Emmett Norman Leith (March 12, 1927 in Detroit, Michigan – December 23, 2005 in Ann Arbor, Michigan) was a professor of electrical engineering at the University of Michigan and, with Juris Upatnieks of the University of Michigan, the co-inventor of three-dimensional holography.

Leith received his B.S. in physics from Wayne State University in 1949 and his M.S. in physics in 1952. He received his Ph.D. in electrical engineering from Wayne State in 1978. Much of Leith's holographic work was an outgrowth of his research on synthetic aperture radar (SAR) performed while a member of the Radar Laboratory of the University of Michigan's Willow Run Laboratory beginning in 1952. Leith joined the University of Michigan as a research assistant and was promoted to graduate research assistant in 1955, research associate in 1956, research engineer in 1960, associate professor in 1965, and full professor in 1968.
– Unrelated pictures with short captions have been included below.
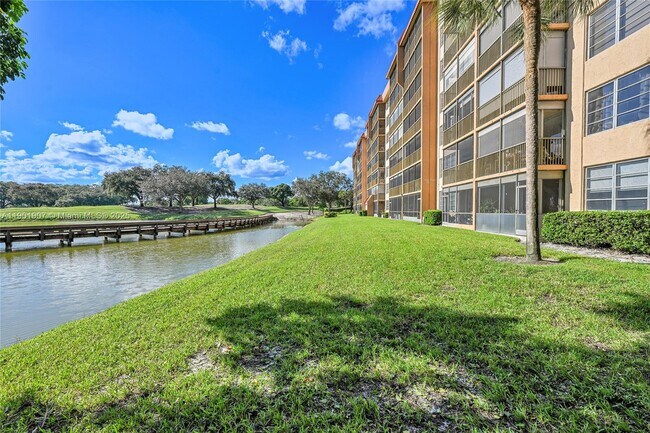 Building Photo - 3001 W Rolling Hills Cir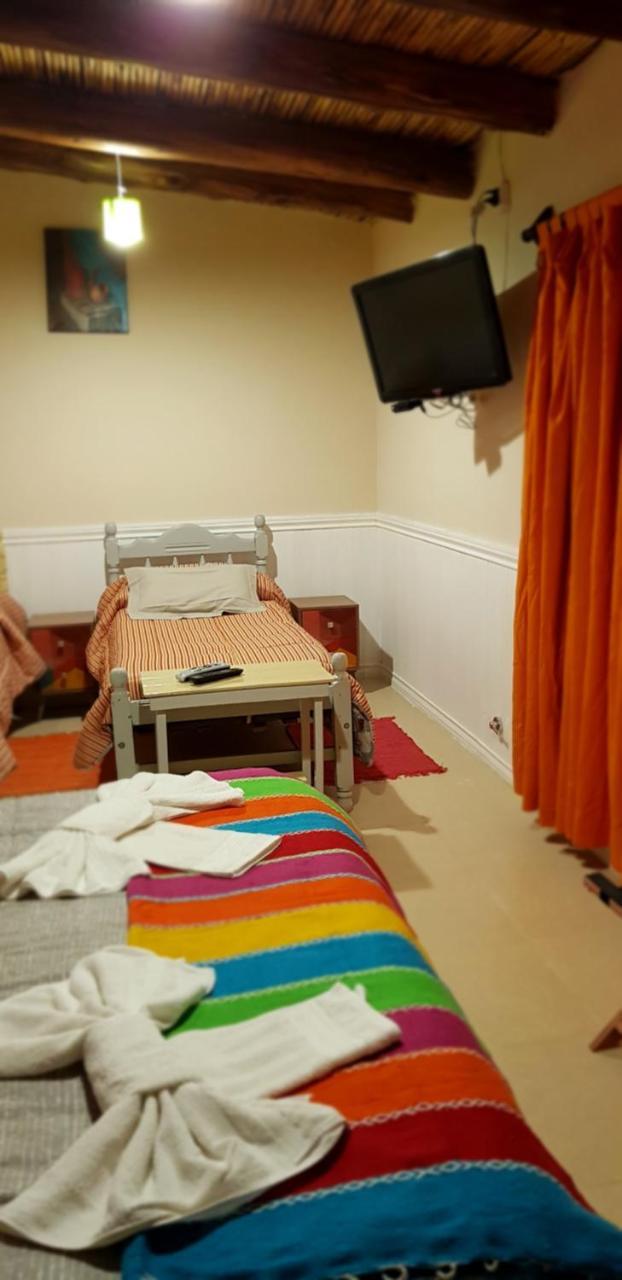 Hostal Asqui Pacha Tilcara Extérieur photo
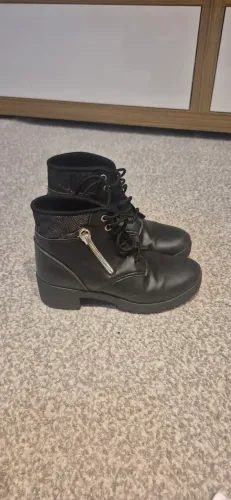 Bota Infantil Kidy 32 menina na cor preta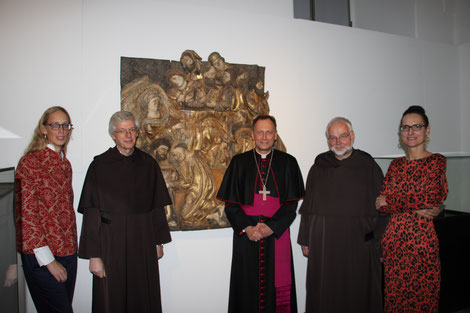 Die Geschichte der Karmeliten in Bamberg nahmen bei der Vernissage in den Blick (von links) ­Carola Marie Schmidt, Pater Klaus Rudolf Schenkelberger, Weihbischof Herwig Gössl, Prior Pater Klemens August Droste und Ludmilla Kvapilova-Klüsener. Foto: cid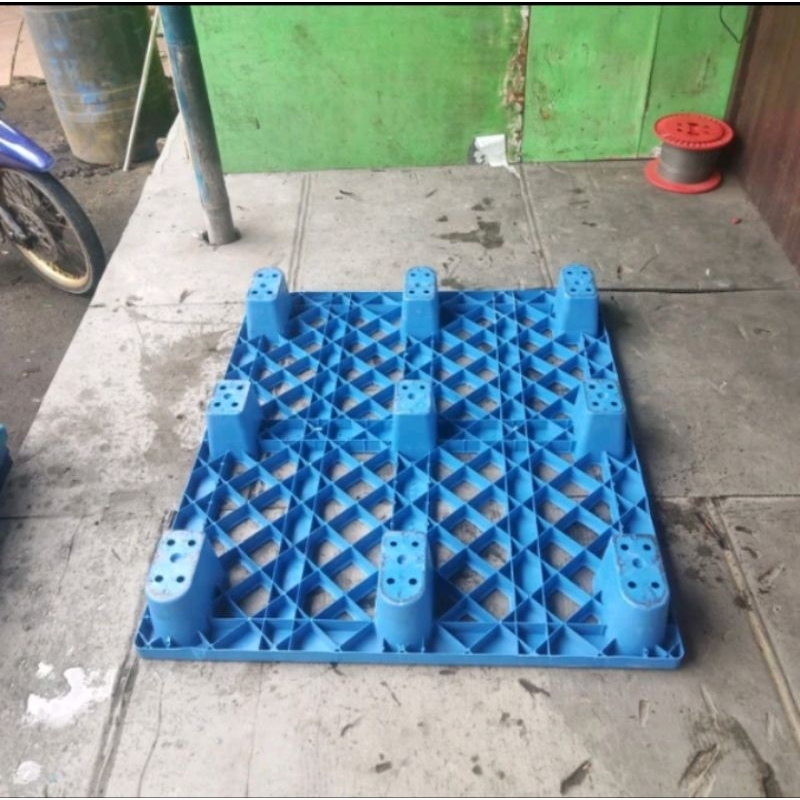 

Palet Plastik Berkualitas Ukuran 10510514 RB9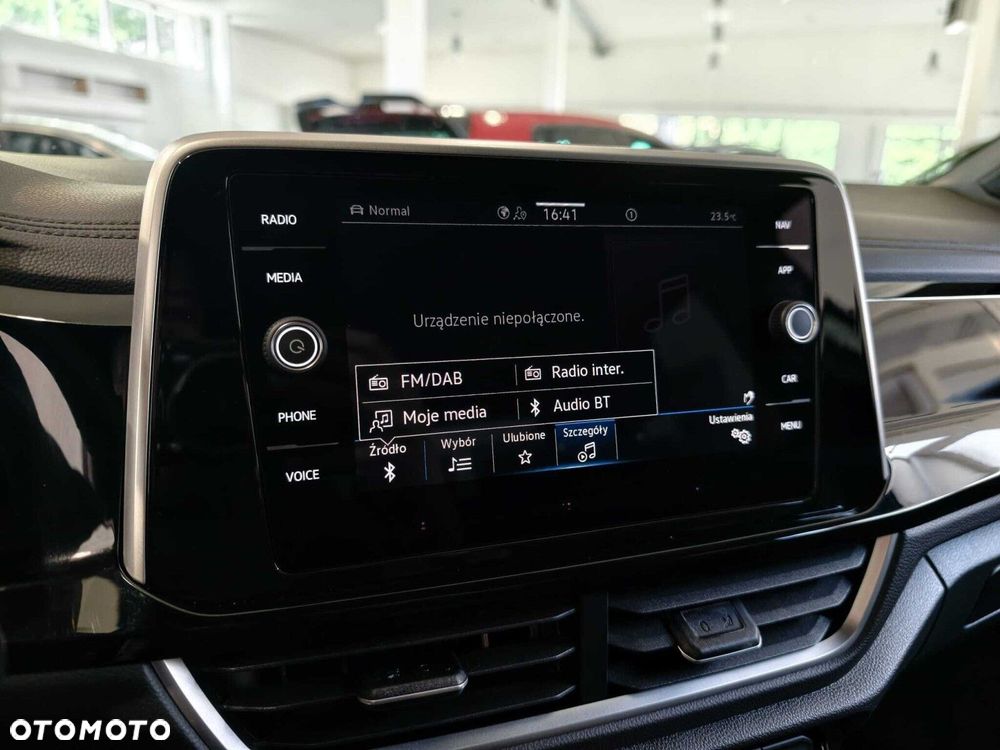 Volkswagen T-Roc - 23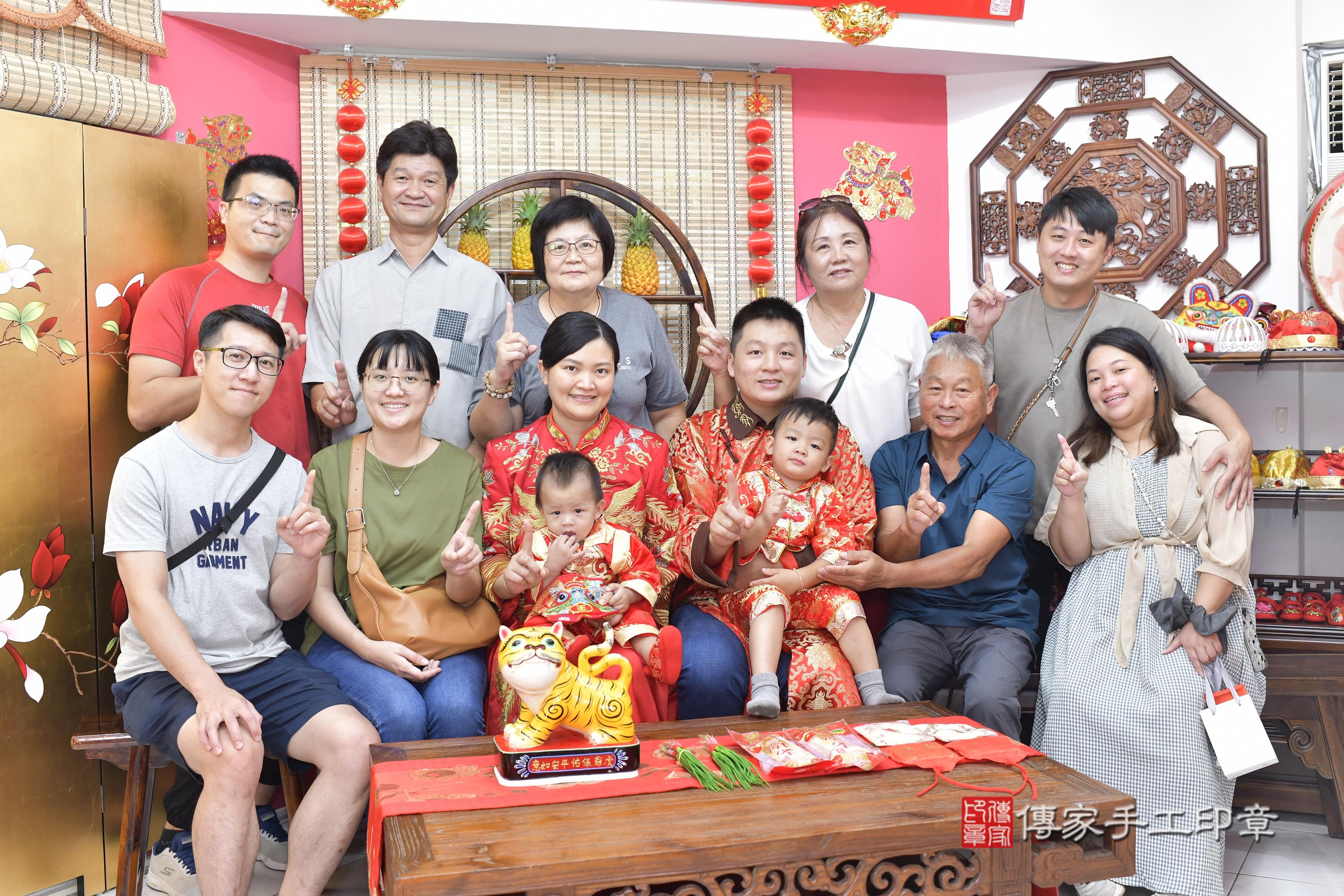 傳家手工印章新竹店、抓周、度脺、美式風會場、傳家嬰兒古禮、吉祥話、抓周道具物品24種、拍照。抓周證書。寶寶抓周、滿周歲、生日快樂、祝福
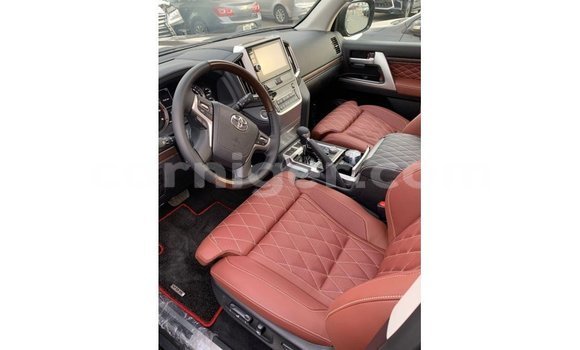 Buy Import Toyota Land Cruiser Black Truck in Import - Dubai in Agadez Buy Import Toyota Land Cruiser Black Truck in Import - Dubai in Agadez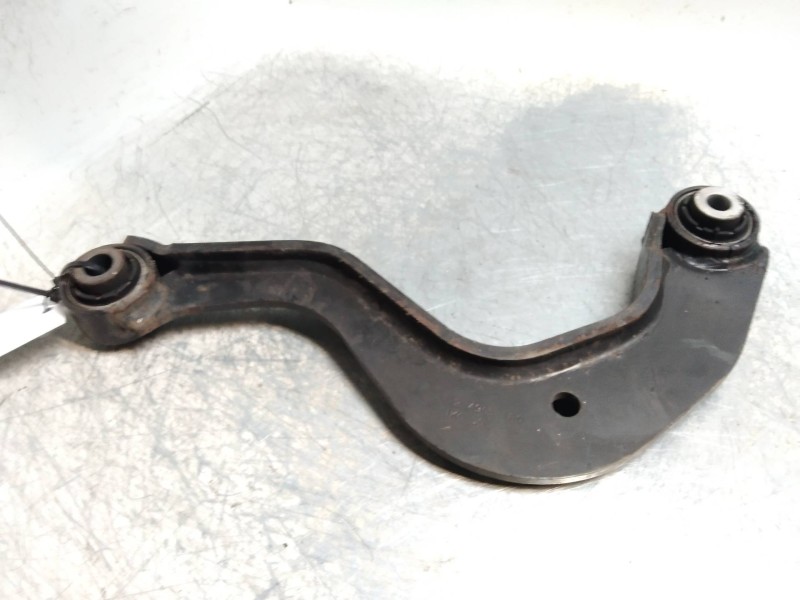 Recambio de brazo suspension superior trasero izquierdo para skoda octavia berlina (1z3) 1.9 tdi dpf referencia OEM IAM   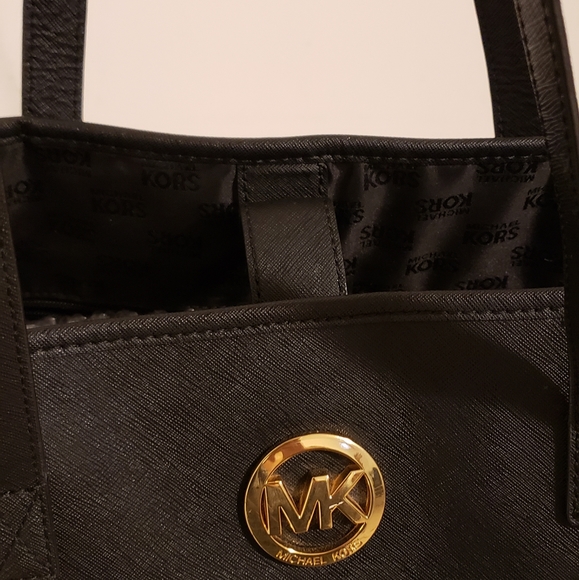 Michael Kors Tote - Picture 7 of 9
Professor Leith and his coworker Juris Upatnieks at the University of Michigan displayed three-dimensional hologram at a conference of the Optical Society of America in 1964.

==Honors and awards==

He received the 1960 IEEE Morris N. Liebmann Memorial Award and the Stuart Ballantine Medal in 1969. In 1975 he was awarded the William F. Meggers Award by the Optical Society. In 1979, President Jimmy Carter awarded Leith with the National Medal of Science for his research. He was awarded the 1985 Frederic Ives Medal by the OSA.

== In popular culture ==
Two members of the Benton family from the animated TV series Jem and The Holograms were named after Emmett Leith: Emmett Benton and his adopted daughter, Aja Leith.